To begin our review, let’s start by looking at the data available. This query has provided the count for each of the AWS log sources.
This next level query chooses just one of these options to focus on. The query tree is interactive, so we can filter for this log source.
Now, let’s look at these EKS logs. In this content stream, we can see that we should focus on unauthorized application access or request activity.
In this path, a filter was added for the audit logs because the audit logs have the unauthorized access information. The response status and code can be parsed out. To do that, let’s extract the fields using the DPL Architect.
With a sample log as a guide, the DPL Architect uses Dynatrace Parsing Language to parse the JSON and extract attributes we want, specifically, the response status. When the DPL Architect is displaying the parsed content you want, simply insert it.
And that is what the case shows happened in this step. The workflow of this hunt wasn’t interrupted to use other tools to extract data.
There is still a lot of data displayed here, so a deeper focus is still needed. Selecting the next step in the query tree, we can see that the data has been summarized by source IP, response status, and user string and focused on the information that we are most interested in. However, this is showing all the response status codes, and we are only interested in 403.
In the next step of the query tree, a filter was added for 403. Now we can see the source IP addresses of the unauthorized requests from anonymous users. The suspicious IP list has already been started here, where they were added as artifacts.

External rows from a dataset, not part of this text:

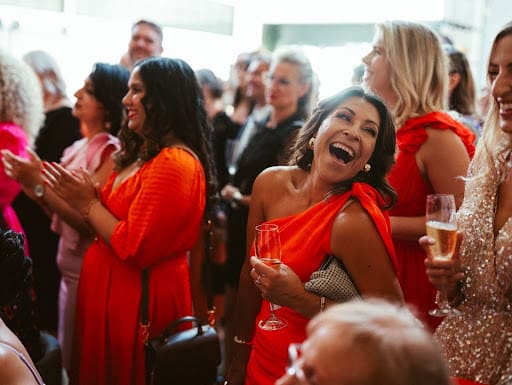 A cheerful group of women in red dresses laughing, representing a festive spirit for corporate lunch catering inspiration.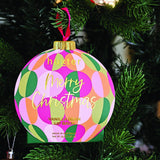 Huxter Adorned Christmas Hanging Lip Balm in green, decorative holiday-themed lip balm with hanging string, festive season skincare.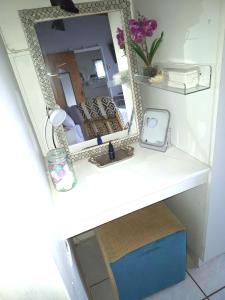 a bathroom counter with a sink and a mirror at At Lilac Cottage, Jeffreys Bay Cozy stay for 2 & Business traveling in Jeffreys Bay +52 photos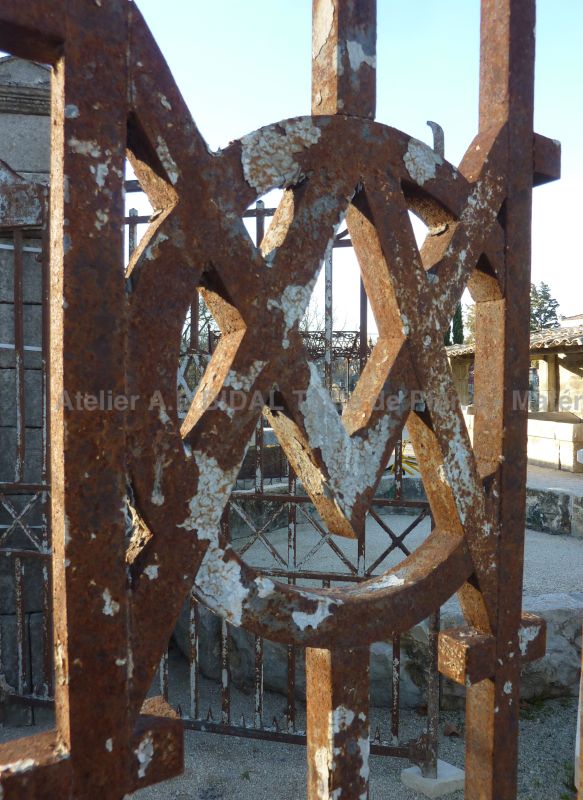 Initiales entrelacées sur portail ancien en fer forgé.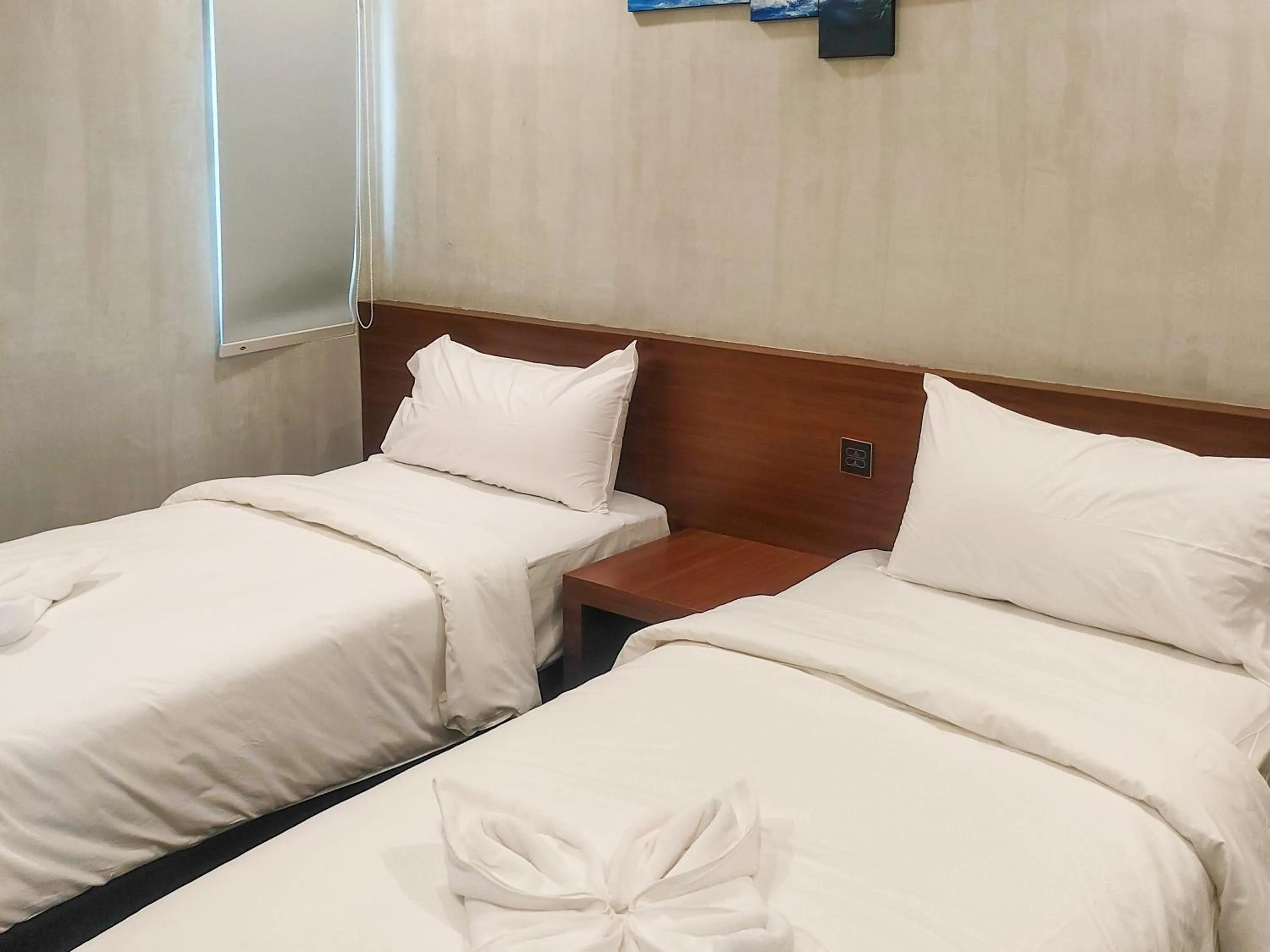 Bed in Travel Biz Hotel Medan Mitra RedDoorz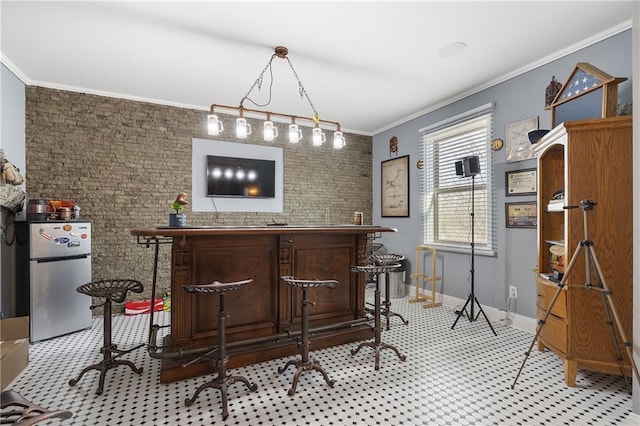 bar with baseboards, ornamental molding, a dry bar, and freestanding refrigerator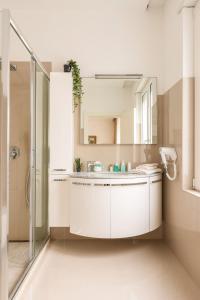 a white bathroom with a shower and a sink at Casa mia Milano Malpensa in Gallarate +57 photos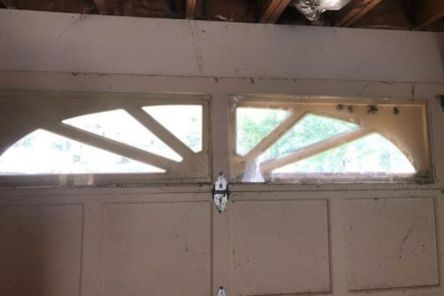 Close-up of top windows on a garage door in Newcastle with break-in damage and dirt, highlighting repair needs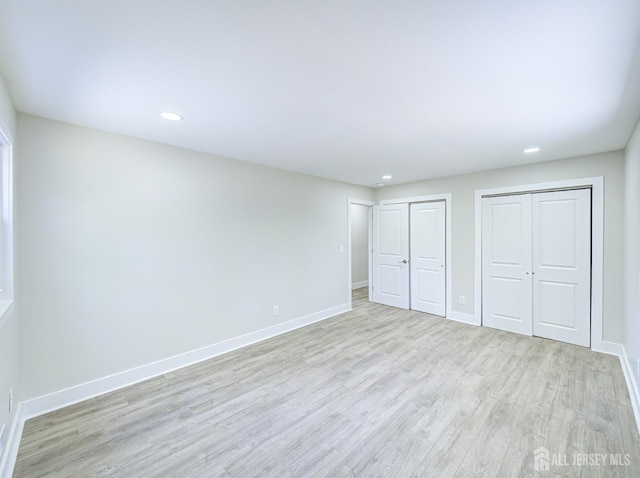 44 Sullivan Way E, Brunswick, NJ 08816 - unfurnished bedroom with multiple closets, light wood-type flooring, baseboards, and recessed lighting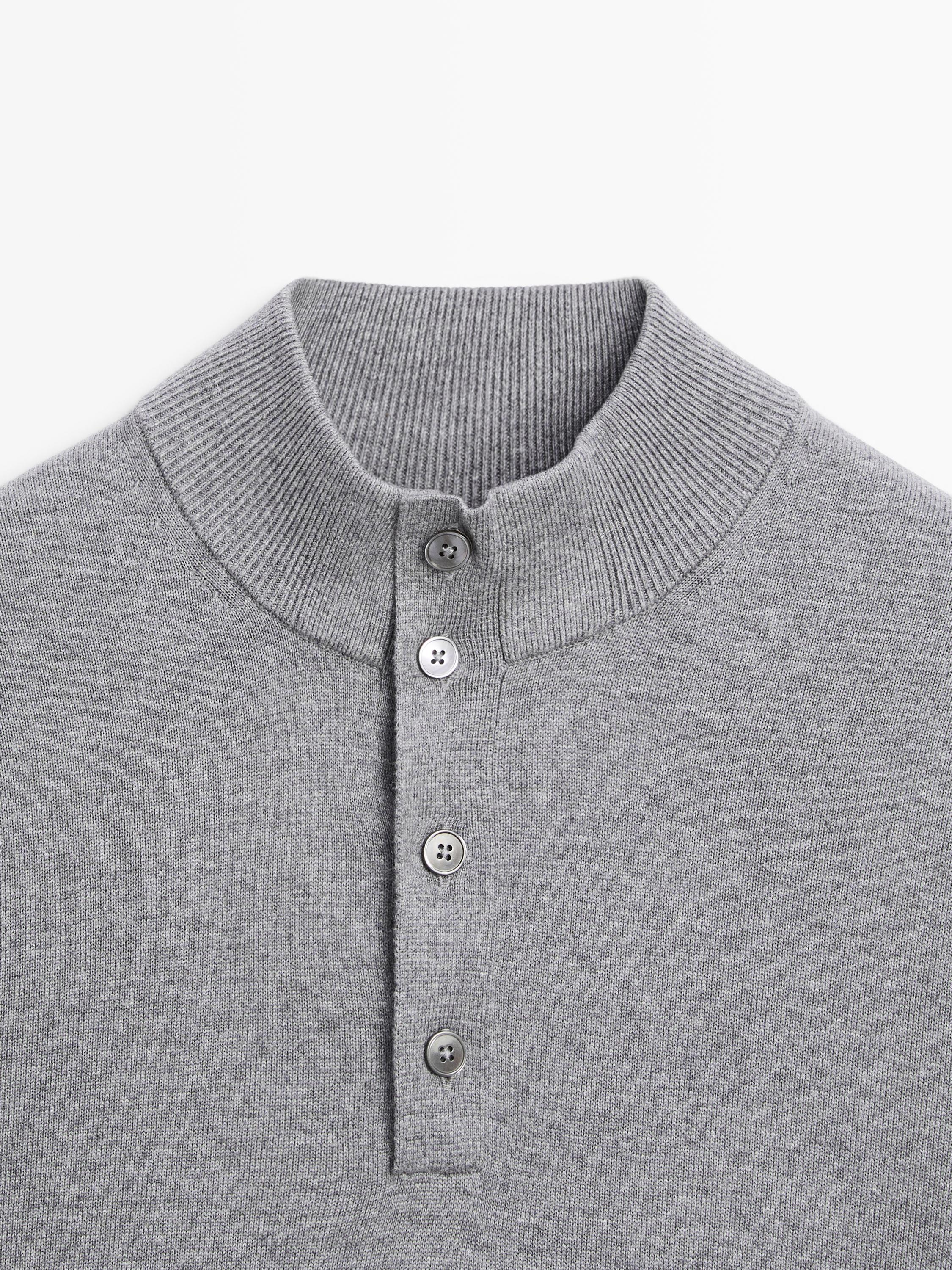 Knit sweater with mock button neck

With the query tree, we can easily access the cached searches to explore the data. We can compare with the 200 requests or change the timeframe and rerun queries to gather more data. This allows for horizontal searching throughout different data sources, and the queries are automatically saved as new branches and nodes.
Now that we know there is unauthorized activity, we want to look at database integrity. Along with these suspicious requests, we should also look at the span data. This was created in a new query tree.
The net was cast wide to view all of the span data, then narrowed down to the span data not found in our other log data. Again, to focus on the important data, the fields were limited to the databases involved, the system, name, operation, and the statement. The nulls are filtered out, and now we can focus on data that relates to a database system.
There are MongoDB, MySQL, Oracle, and Redis queries. Let’s look through these and see if we can identify any issues. There are “finds” for Mongo, but those look benign. Here are some statements that are making inserts into permissions, which could be a concern. Is it internal work being done or is it nefarious? This is something we should follow up on. Let’s get the database service and add a note to check into it later.
These events can be filtered by the Dynatrace entity to take a closer look at the service. This shows that several events made the same insert statement. This observability data has narrowed our focus to something that could be an indicator of an attack.
Moving within the query tree, we can expand beyond database activity and broaden the scope to include the http POSTS and GETS. Now we can start to look for specific objects, such as the http methods, and target them.
If we pull out a trace ID, we can see a correlation across full transactions because the spans align based on the trace id or entity service. Filter by that entity service we noted and clean up nulls from the http targets. Looking at specific entity data for that service using the same trace ID, we see that most of it looks benign.
However, this one is accessing jsp reports. If we search online, we find “reports dot jsp” isn’t something an external user should be posting or getting. A Godzilla web shell is associated with the attack, which is an incredibly destructive attack.
Using all this observability data together with traced attributes across logs and events, we’re able to drill down through the service and host levels to pinpoint the problem which is a Godzilla web shell present in our environment.